▶ _Problem_:
What needs reproducing is the run of lines in the data below starting at the line with "Бумажная модель Авиалайнер" and ending at the line with "2 Bedrooms Flat", both ends included. Copy it exactly, without pictures, and add nothing.

▶ _Supplied data_:
____

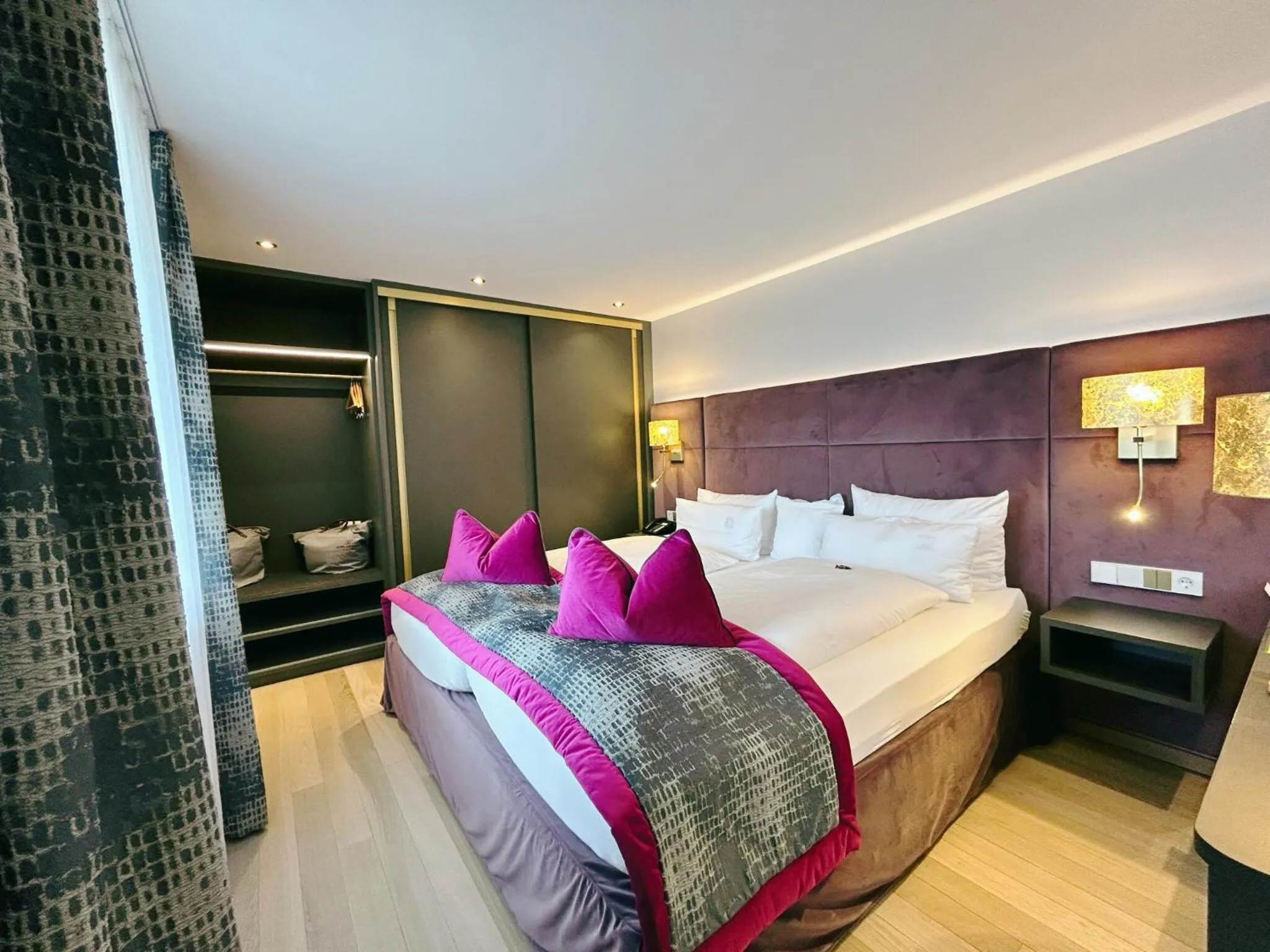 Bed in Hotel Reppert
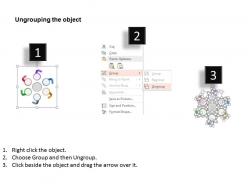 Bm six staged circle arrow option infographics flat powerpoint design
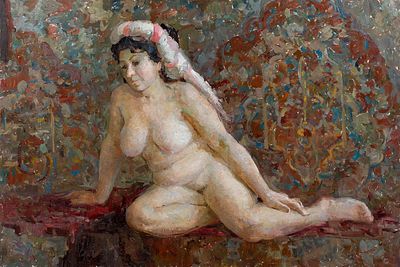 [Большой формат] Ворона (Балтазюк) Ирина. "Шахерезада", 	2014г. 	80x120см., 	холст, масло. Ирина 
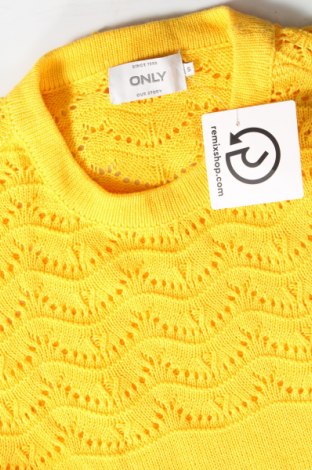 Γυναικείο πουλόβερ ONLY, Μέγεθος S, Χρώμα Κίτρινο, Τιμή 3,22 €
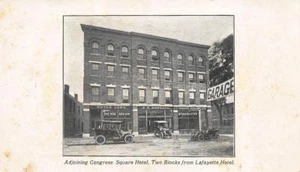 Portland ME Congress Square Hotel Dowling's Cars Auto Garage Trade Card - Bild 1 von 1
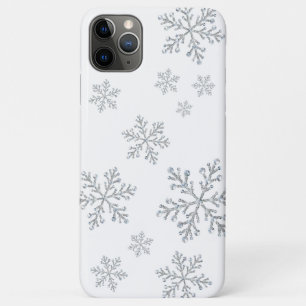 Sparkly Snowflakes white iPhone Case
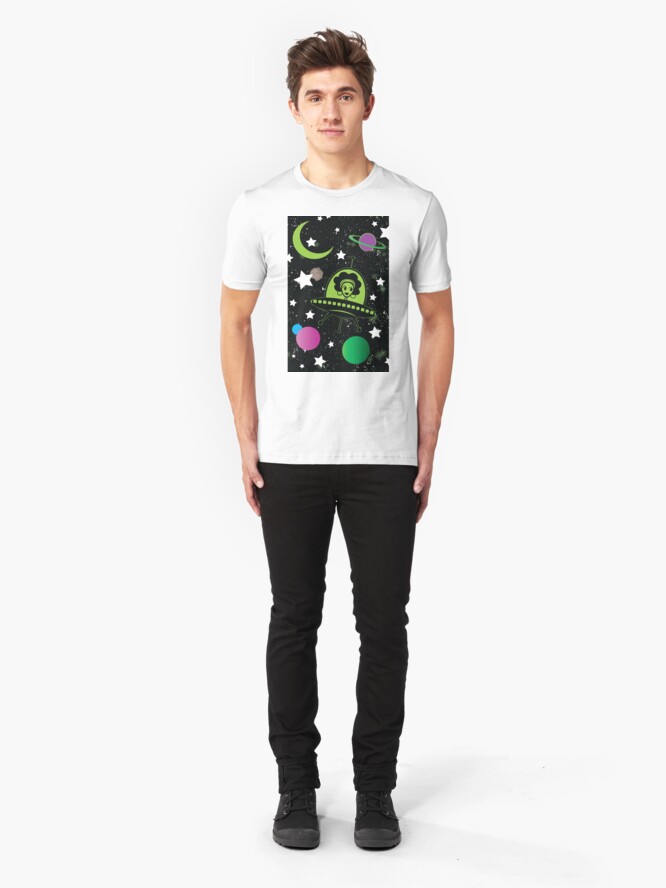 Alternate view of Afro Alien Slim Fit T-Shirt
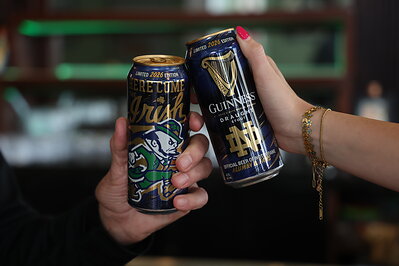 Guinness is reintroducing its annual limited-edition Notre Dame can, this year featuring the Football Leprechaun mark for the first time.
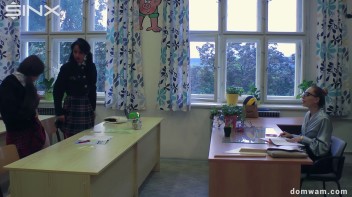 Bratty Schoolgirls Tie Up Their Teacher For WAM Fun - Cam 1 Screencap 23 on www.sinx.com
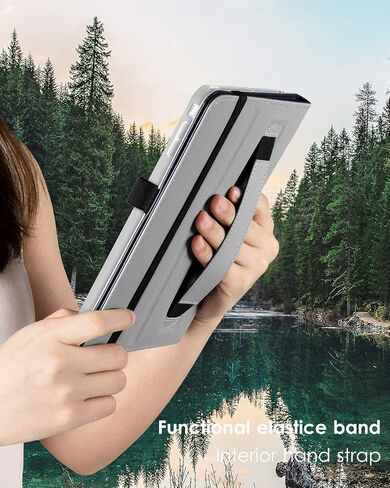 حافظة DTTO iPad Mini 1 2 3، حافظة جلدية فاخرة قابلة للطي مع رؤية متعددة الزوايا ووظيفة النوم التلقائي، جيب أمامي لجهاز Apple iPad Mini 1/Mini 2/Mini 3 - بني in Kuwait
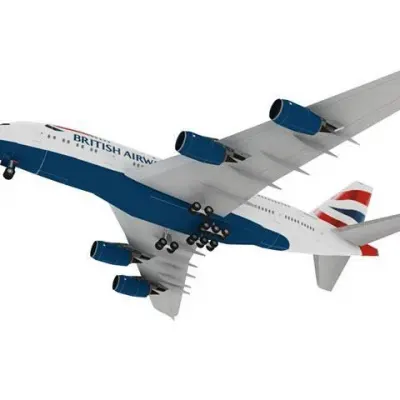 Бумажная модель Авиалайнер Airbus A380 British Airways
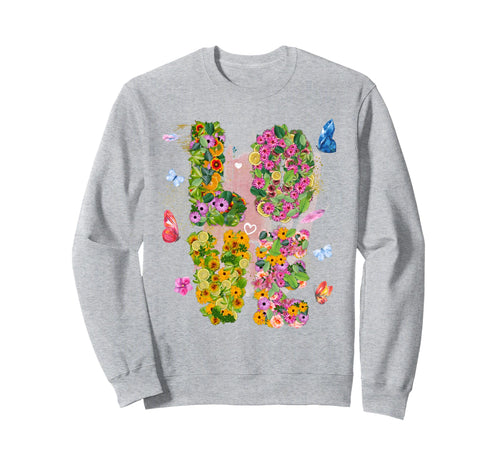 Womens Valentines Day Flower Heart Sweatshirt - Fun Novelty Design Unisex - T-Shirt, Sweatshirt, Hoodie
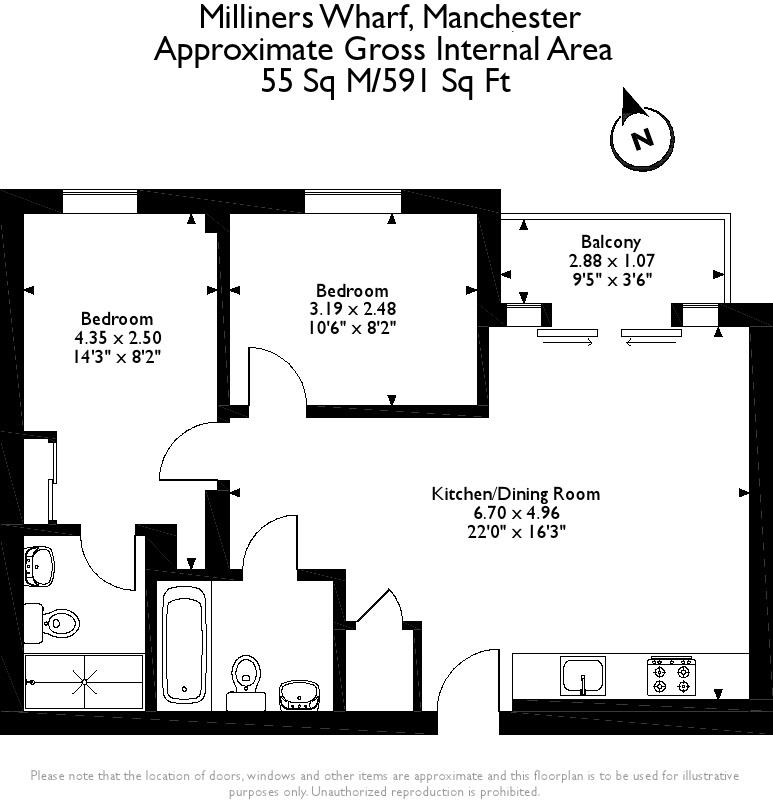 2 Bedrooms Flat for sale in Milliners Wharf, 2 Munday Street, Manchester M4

____

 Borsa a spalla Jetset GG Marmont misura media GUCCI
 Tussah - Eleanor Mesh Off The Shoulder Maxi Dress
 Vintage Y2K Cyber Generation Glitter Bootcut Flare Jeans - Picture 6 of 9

____

▶ _Response to this exercise_:
 Бумажная модель Авиалайнер Airbus A380 British Airways
 Womens Valentines Day Flower Heart Sweatshirt - Fun Novelty Design Unisex - T-Shirt, Sweatshirt, Hoodie
 2 Bedrooms Flat for sale in Milliners Wharf, 2 Munday Street, Manchester M4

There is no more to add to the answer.